> [WORK TO BE COMPLETED]: For the copy, please give all of the data again exactly and leave the pictures out.

> [DATA RECORDS]:
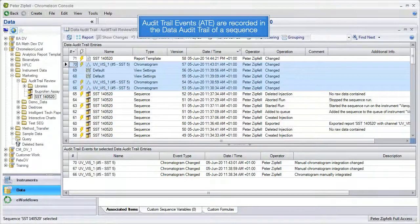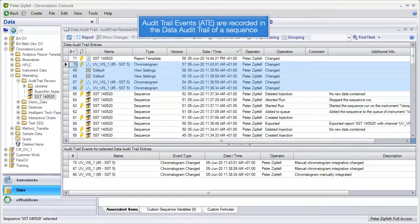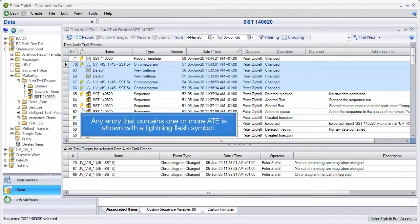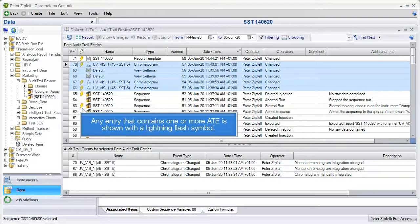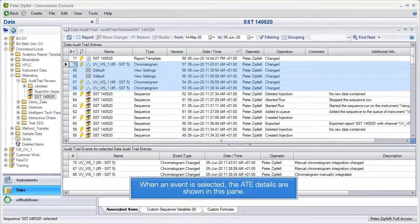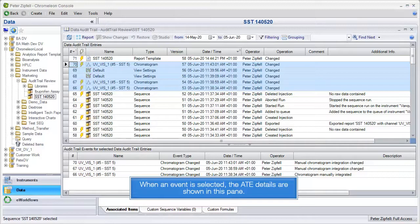Audit trail events are recorded in the data audit trail of a sequence. Any entry that contains one or more ATE is shown with a lightning flash symbol. When an event is selected, the ATE details are shown in this pane.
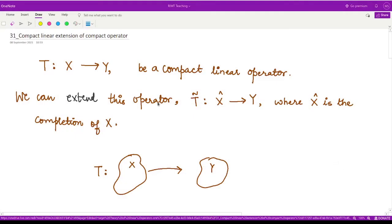Hello everyone, welcome to this video. In this video, we shall be talking about another concept, which is that of extension of an operator.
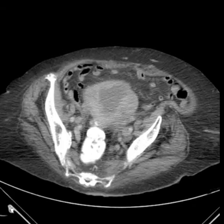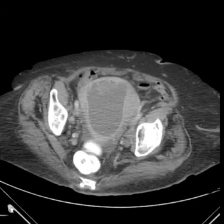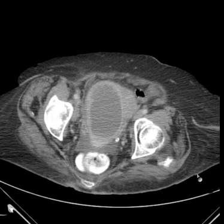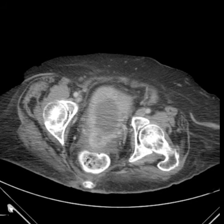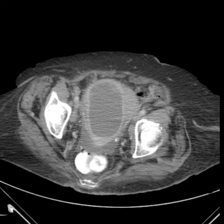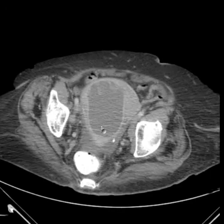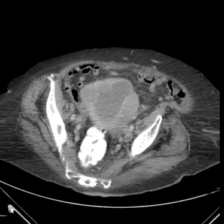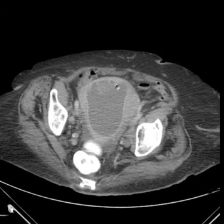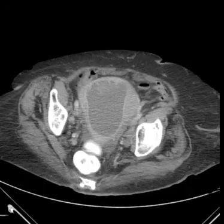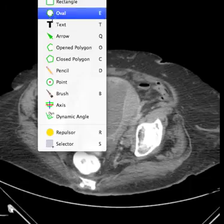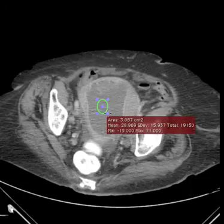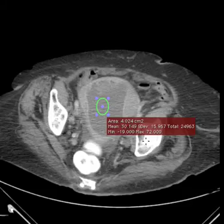Looking down in the pelvis, we see a pretty unusual appearance. First of all, there is some free fluid — not a normal thing in an older woman. And look at this large fluid attenuation area. Where is it? It's in the endometrium. Let's get a quick measurement here: 30 Hounsfield units, so it's a little higher than fluid — low attenuation soft tissue.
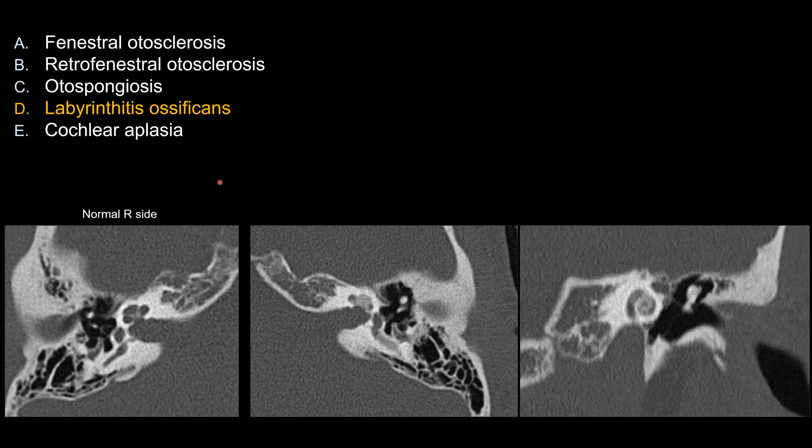Remember the history here is very helpful because they talk about left-sided hearing loss. So you can assume that the right side is the normal side for comparison.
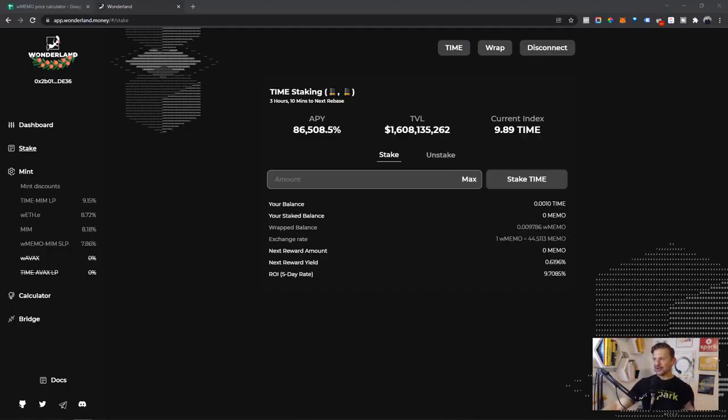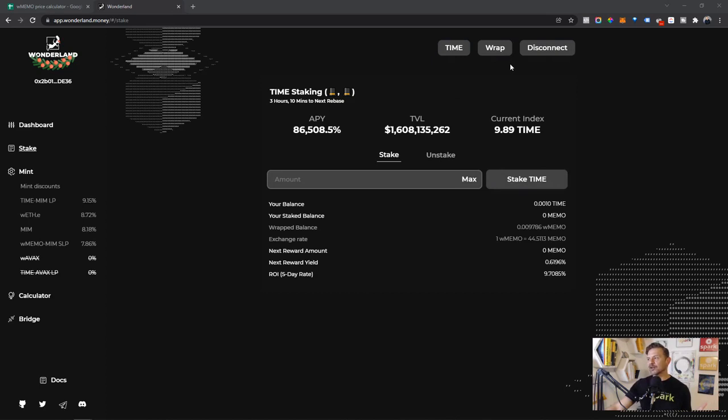I want to make sure I'm doing my part in contributing to the Wonderland TIME system. I consider myself a co-investor at this point, so I'm going to be staking my TIME for MEMO and ultimately wrapped MEMO. Back in the olden days — just a month ago — you'd purchase AVAX, trade it on Trader Joe for TIME, move it to MetaMask, stake it, approve twice, and then wrap it using the wrap button they added. We were minting for TIME and they're actually getting rid of those contracts. That was the old way.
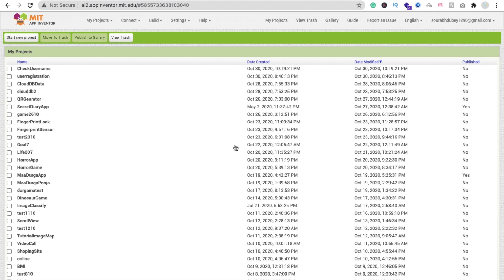Hi guys, this is Saurav. Sometimes we create an app in MIT App Inventor like user registration and user login, but there is one difficult part — how we can check if the username already exists or not. We need validation so there should be only one username per person. So how can we check if the username already exists in our database?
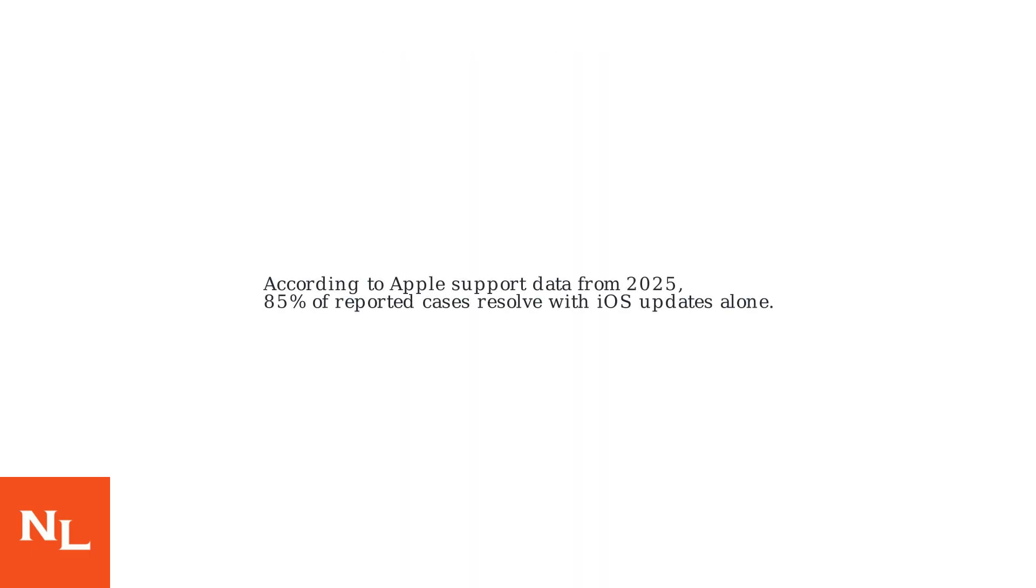According to Apple support data from 2025, 85% of reported cases resolve with iOS updates alone.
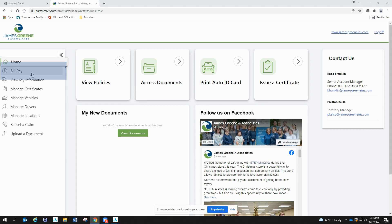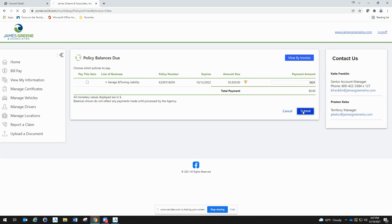In the online portal, choose bill pay and choose the invoice to pay. Complete the information form just like any other shopping cart.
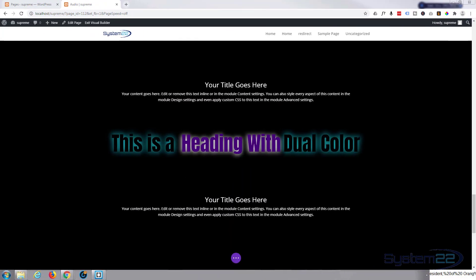Hi guys and welcome to another Divi video. This is Jamie from System 22 and webdesignandtutips.com. Today we're going to show you how to build this striking dual color text heading. We're going to be using the Supreme Modules plugin to do this and it's really easy, so let's get started.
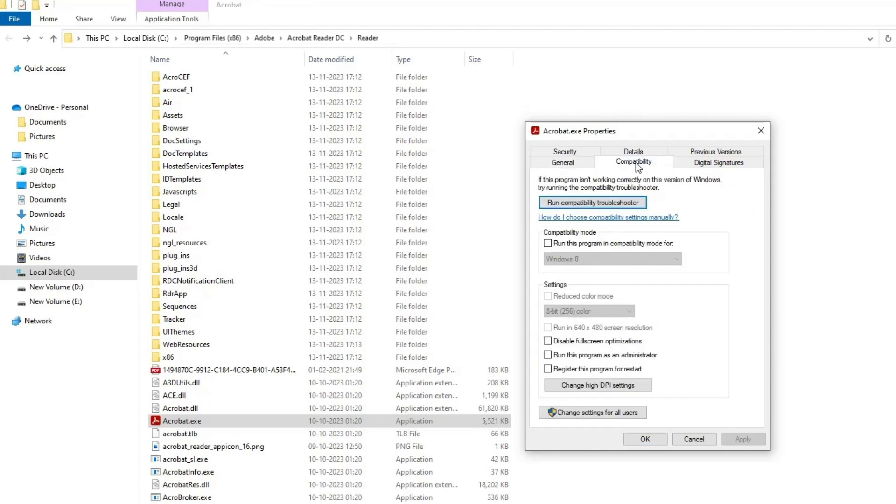On the next window, check Run this program in compatibility mode for and select the version of Windows you are working on.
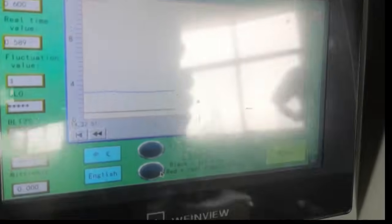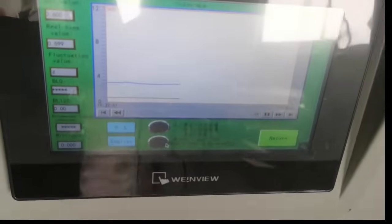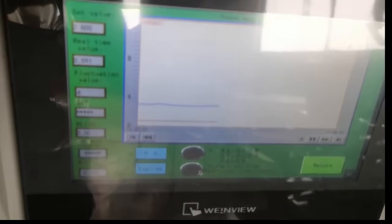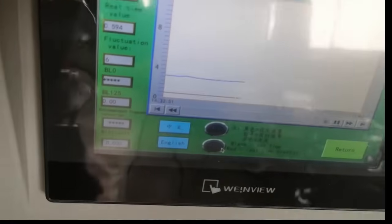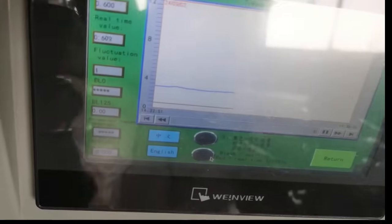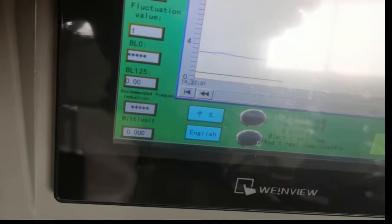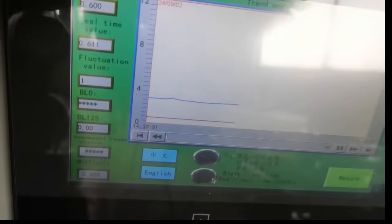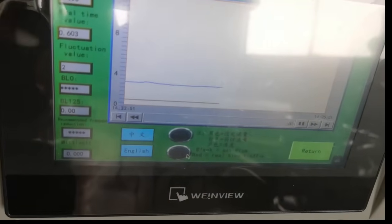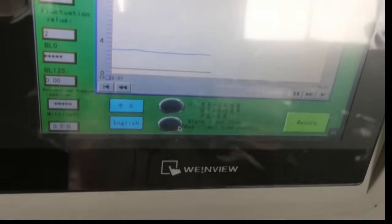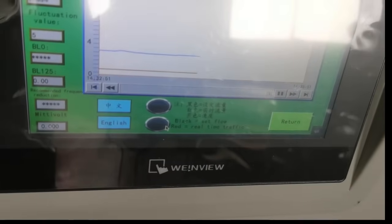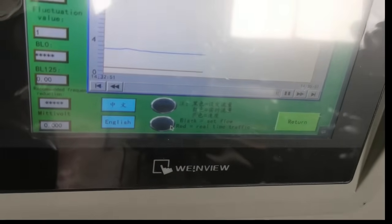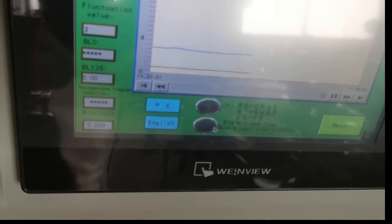There are three lines actually. Blue line means the running speed. And black, red line—black means set flow, and red is real time flow.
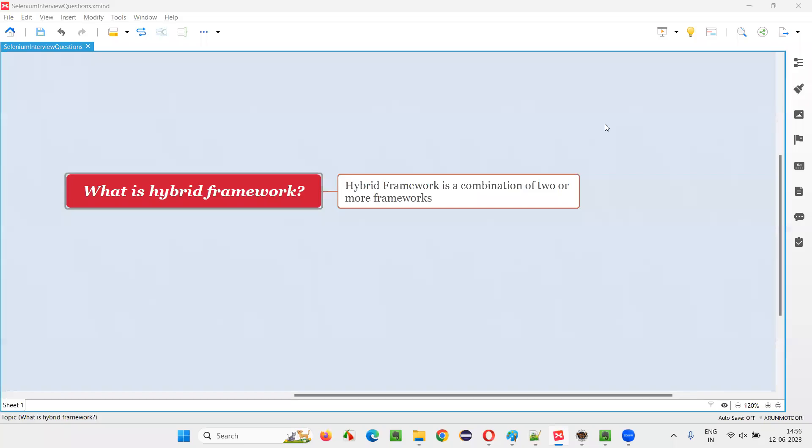Hello all, welcome to this session. In this session, I am going to answer one of the Selenium interview questions.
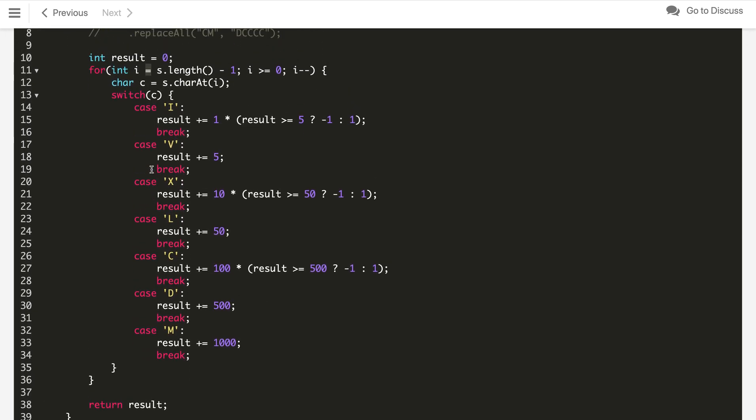If you like this solution hit the like button and try out another problem where we need to convert integer to roman. That is problem number 12 I guess on LeetCode. You can try it out. That is also very good problem. Thanks for watching.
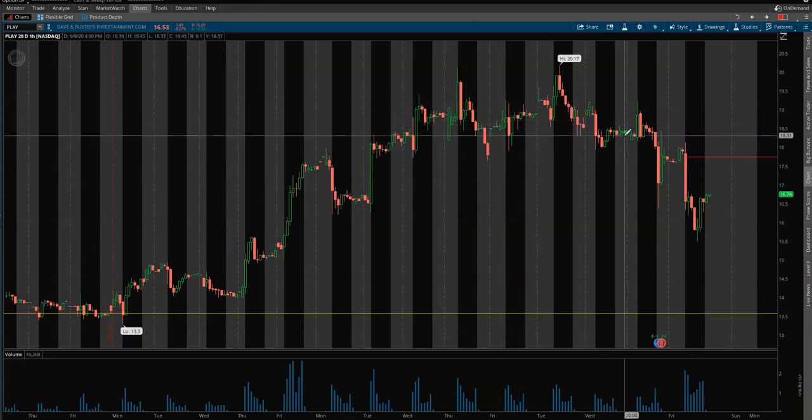Right now we've been through accumulation, upside acceleration, and distribution. These earnings are pushing us out of the distribution phase and now down into the downside acceleration phase, which means we have a lot of room to the downside. We're overvalued and we are in the downside acceleration phase — so we're looking for that all-day move to the downside.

> [WRITTEN RESPONSE]:
Audit trail events are recorded in the data audit trail of a sequence. Any entry that contains one or more ATE is shown with a lightning flash symbol. When an event is selected, the ATE details are shown in this pane.
Hello everyone, welcome to this video. In this video, we shall be talking about another concept, which is that of extension of an operator.
Looking down in the pelvis, we see a pretty unusual appearance. First of all, there is some free fluid — not a normal thing in an older woman. And look at this large fluid attenuation area. Where is it? It's in the endometrium. Let's get a quick measurement here: 30 Hounsfield units, so it's a little higher than fluid — low attenuation soft tissue.
Remember the history here is very helpful because they talk about left-sided hearing loss. So you can assume that the right side is the normal side for comparison.
I want to make sure I'm doing my part in contributing to the Wonderland TIME system. I consider myself a co-investor at this point, so I'm going to be staking my TIME for MEMO and ultimately wrapped MEMO. Back in the olden days — just a month ago — you'd purchase AVAX, trade it on Trader Joe for TIME, move it to MetaMask, stake it, approve twice, and then wrap it using the wrap button they added. We were minting for TIME and they're actually getting rid of those contracts. That was the old way.
Hi guys, this is Saurav. Sometimes we create an app in MIT App Inventor like user registration and user login, but there is one difficult part — how we can check if the username already exists or not. We need validation so there should be only one username per person. So how can we check if the username already exists in our database?
According to Apple support data from 2025, 85% of reported cases resolve with iOS updates alone.
In the online portal, choose bill pay and choose the invoice to pay. Complete the information form just like any other shopping cart.
Hi guys and welcome to another Divi video. This is Jamie from System 22 and webdesignandtutips.com. Today we're going to show you how to build this striking dual color text heading. We're going to be using the Supreme Modules plugin to do this and it's really easy, so let's get started.
On the next window, check Run this program in compatibility mode for and select the version of Windows you are working on.
There are three lines actually. Blue line means the running speed. And black, red line—black means set flow, and red is real time flow.
Hello all, welcome to this session. In this session, I am going to answer one of the Selenium interview questions.
If you like this solution hit the like button and try out another problem where we need to convert integer to roman. That is problem number 12 I guess on LeetCode. You can try it out. That is also very good problem. Thanks for watching.
Right now we've been through accumulation, upside acceleration, and distribution. These earnings are pushing us out of the distribution phase and now down into the downside acceleration phase, which means we have a lot of room to the downside. We're overvalued and we are in the downside acceleration phase — so we're looking for that all-day move to the downside.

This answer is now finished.